* _Work item_
All pictures are to be dropped, and everything else in the data duplicated exactly.

* _Material for the task_
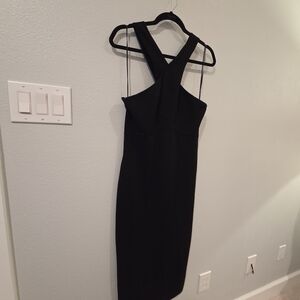 Polo by Ralph Lauren Shoulder Baring Black Dress XL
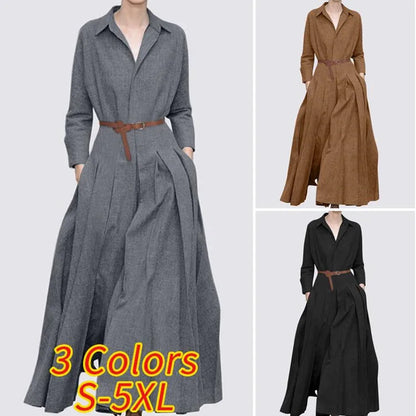 Long Dress Vintage Casual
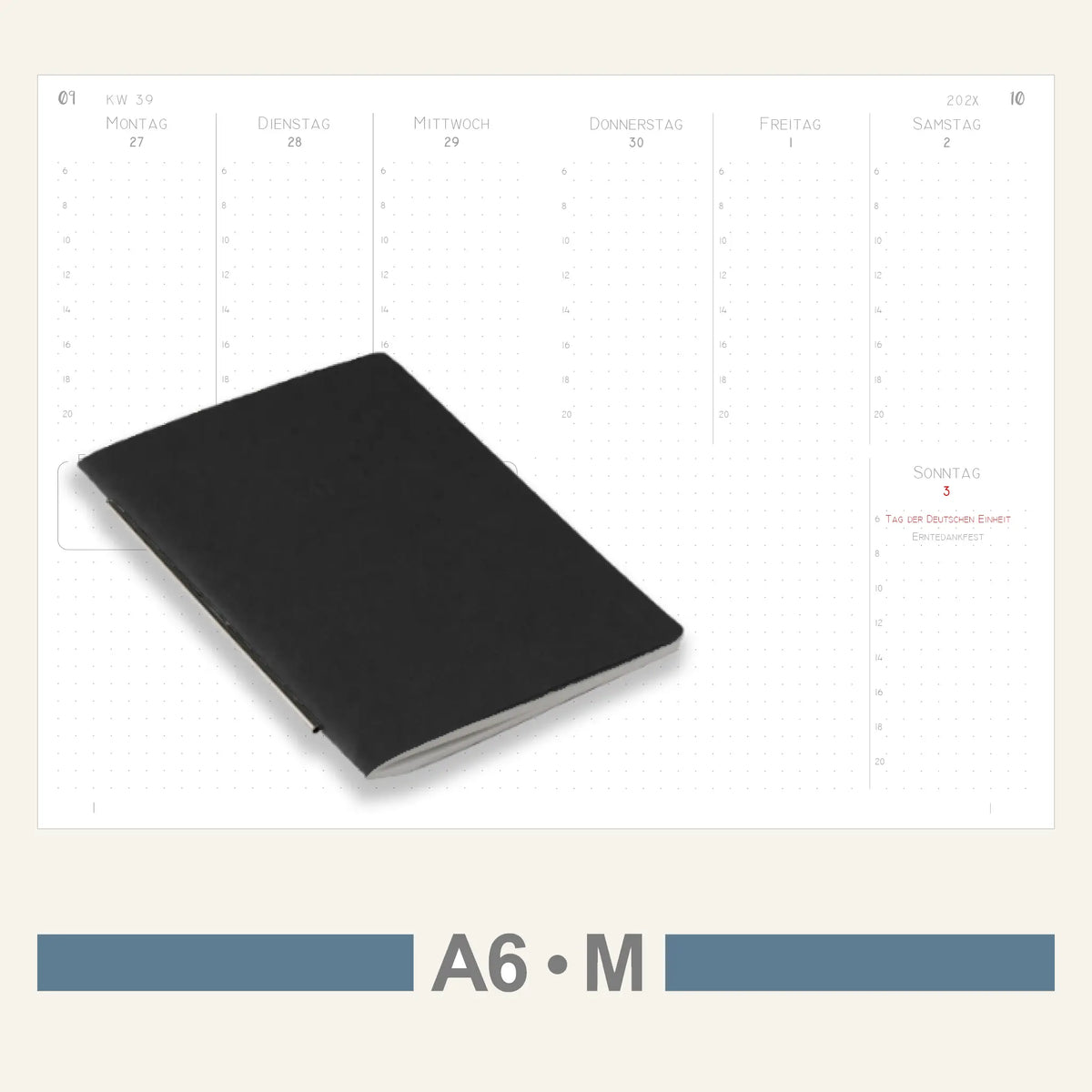 A6 Einlagen - Kalender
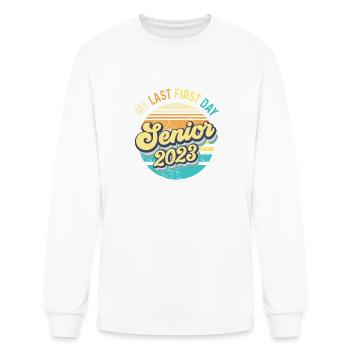 Retro Senior 2023 Back to School Class Of 2023 - Men's Long Sleeve T-Shirt - white - Front
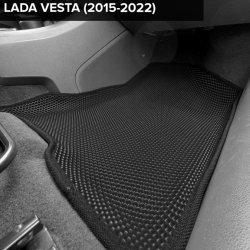 3D коврики EVA с бортами Lada Vesta седан, универсал (2015-2022)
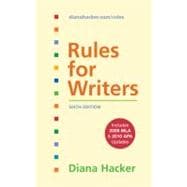 Rules for Writers with 2009 MLA and 2010 APA Updates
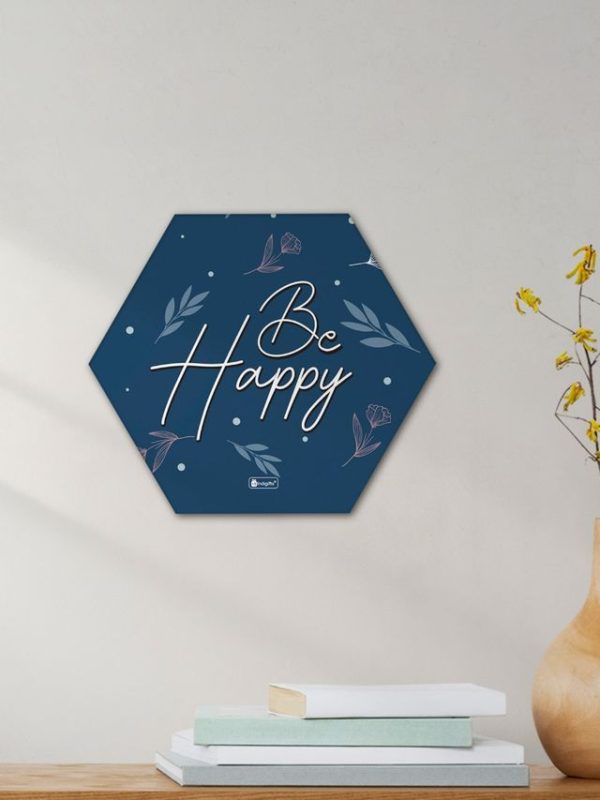 Indigifts Diwali Decoration for Home Hexagon Wall Decor Poster Frame- Set of 2, Frames for Wall Hanging, Wall Frames Quotes, Hexagone Frames Wall, Wall Frames for Office, Hexagone Frames for Craft - Image 3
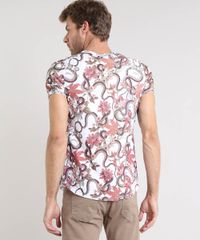 Camiseta-Masculina-Slim-Fit-Estampada-de-Cobra-Manga-Curta-Gola-Careca-Off-White-9388074-Off_White_2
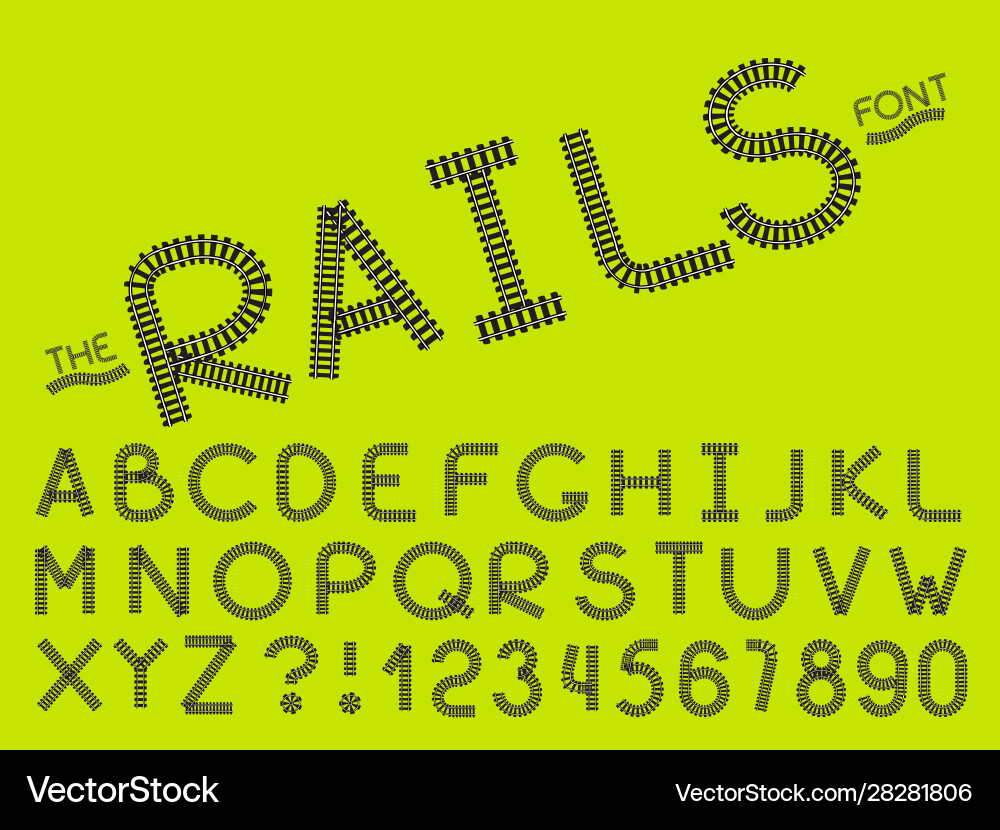 Set abstract font and alphabet Set abstract font and alphabet vector image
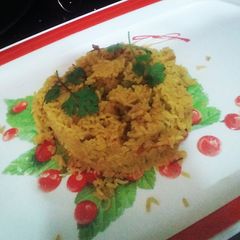 A picture of Tomato Pulao.
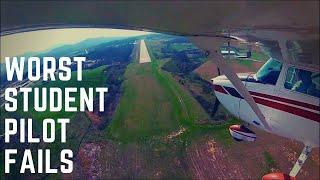 TOP 10 Worst Student Pilot Fails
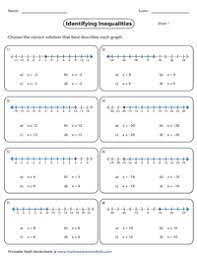 Your kids from kindergarten up through sixth grade will love using these math worksheets. Inequalities Worksheets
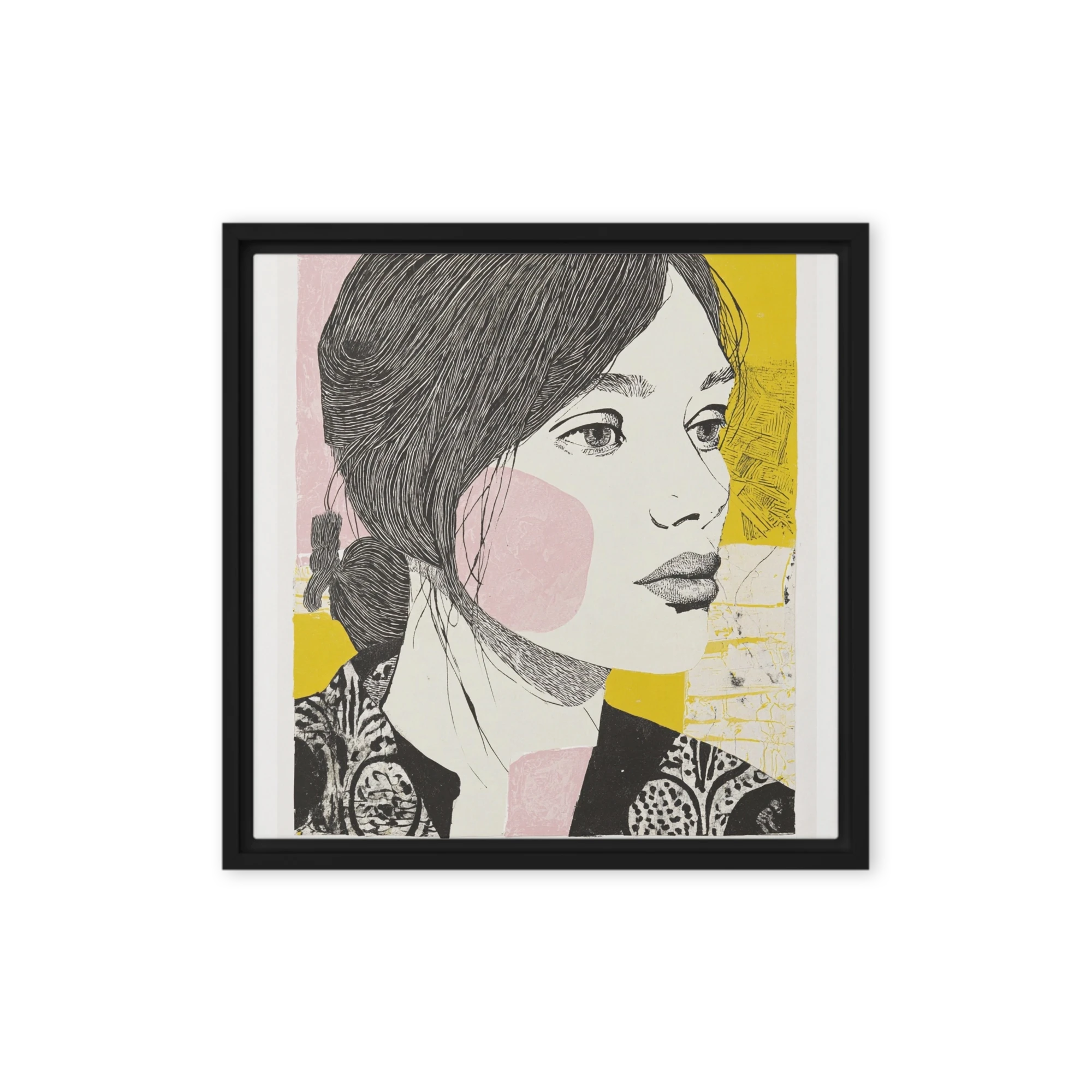 Yellow and Pink Portrait | Art Print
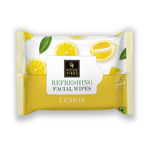 Buy Good Vibes Lemon Refreshing Facial Wipes, Hydrating | Vegan, No Parabens, No Sulphates, No Alcohol, No Mineral Oil, No Animal Testing (25 Wipes) - Purplle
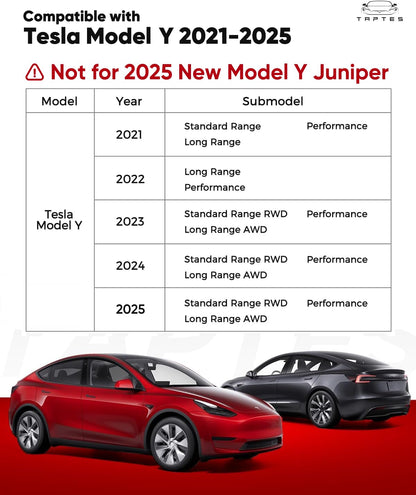 TAPTES Tesla Model Y Allwettermatten Komplett-Set (6-tlg.)
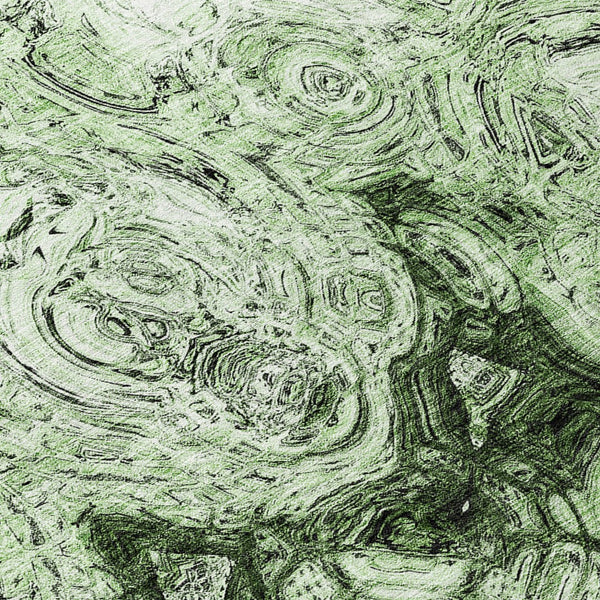 Homeroots 3' Beige Taupe And Brown Abstract Washable Area Rug For Indoor And Outdoor Use - Durable Design 8' Round Polyester 577153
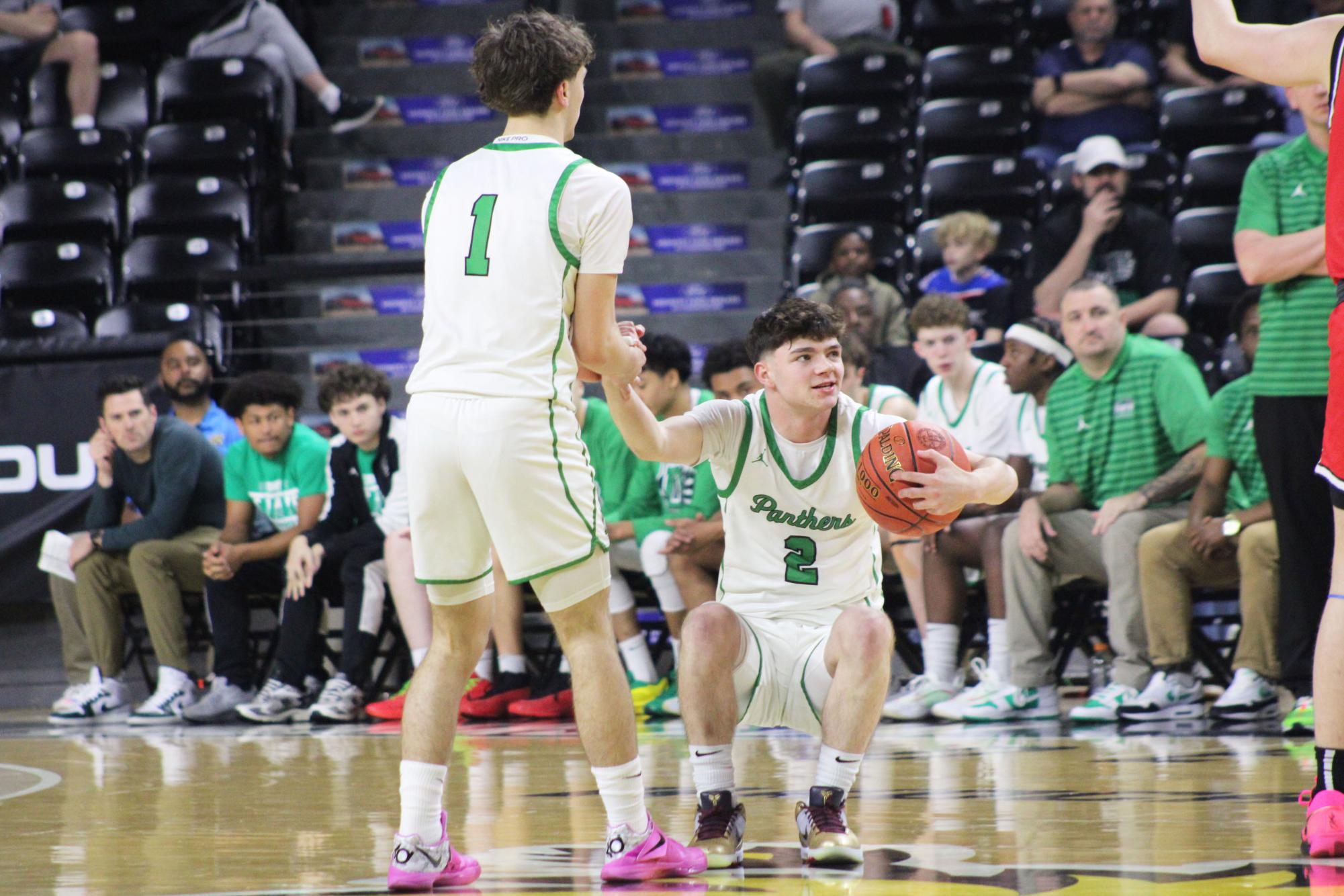 Boys state basketball vs. Olathe North (Photos by Emma Searle)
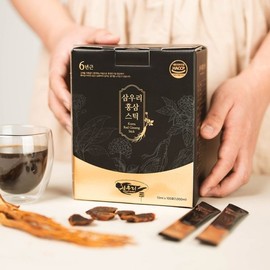 Samuri (햇살맞춤)6년근 홍삼으로 만든 삼우리 홍삼스틱 10ml 100포 (Perfectly Sunlit) 6-Year-Old Red Ginseng Samuri Red Ginseng Stick 10ml 100 Packs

* _Answer for this exercise_
 Polo by Ralph Lauren Shoulder Baring Black Dress XL
 Long Dress Vintage Casual
 A6 Einlagen - Kalender
 Retro Senior 2023 Back to School Class Of 2023 - Men's Long Sleeve T-Shirt - white - Front
 3D коврики EVA с бортами Lada Vesta седан, универсал (2015-2022)
 Rules for Writers with 2009 MLA and 2010 APA Updates
 Indigifts Diwali Decoration for Home Hexagon Wall Decor Poster Frame- Set of 2, Frames for Wall Hanging, Wall Frames Quotes, Hexagone Frames Wall, Wall Frames for Office, Hexagone Frames for Craft - Image 3
 Camiseta-Masculina-Slim-Fit-Estampada-de-Cobra-Manga-Curta-Gola-Careca-Off-White-9388074-Off_White_2
 Set abstract font and alphabet Set abstract font and alphabet vector image
 A picture of Tomato Pulao.
 TOP 10 Worst Student Pilot Fails
 Your kids from kindergarten up through sixth grade will love using these math worksheets. Inequalities Worksheets
 Yellow and Pink Portrait | Art Print
 Buy Good Vibes Lemon Refreshing Facial Wipes, Hydrating | Vegan, No Parabens, No Sulphates, No Alcohol, No Mineral Oil, No Animal Testing (25 Wipes) - Purplle
 TAPTES Tesla Model Y Allwettermatten Komplett-Set (6-tlg.)
 Homeroots 3' Beige Taupe And Brown Abstract Washable Area Rug For Indoor And Outdoor Use - Durable Design 8' Round Polyester 577153
 Boys state basketball vs. Olathe North (Photos by Emma Searle)
 Samuri (햇살맞춤)6년근 홍삼으로 만든 삼우리 홍삼스틱 10ml 100포 (Perfectly Sunlit) 6-Year-Old Red Ginseng Samuri Red Ginseng Stick 10ml 100 Packs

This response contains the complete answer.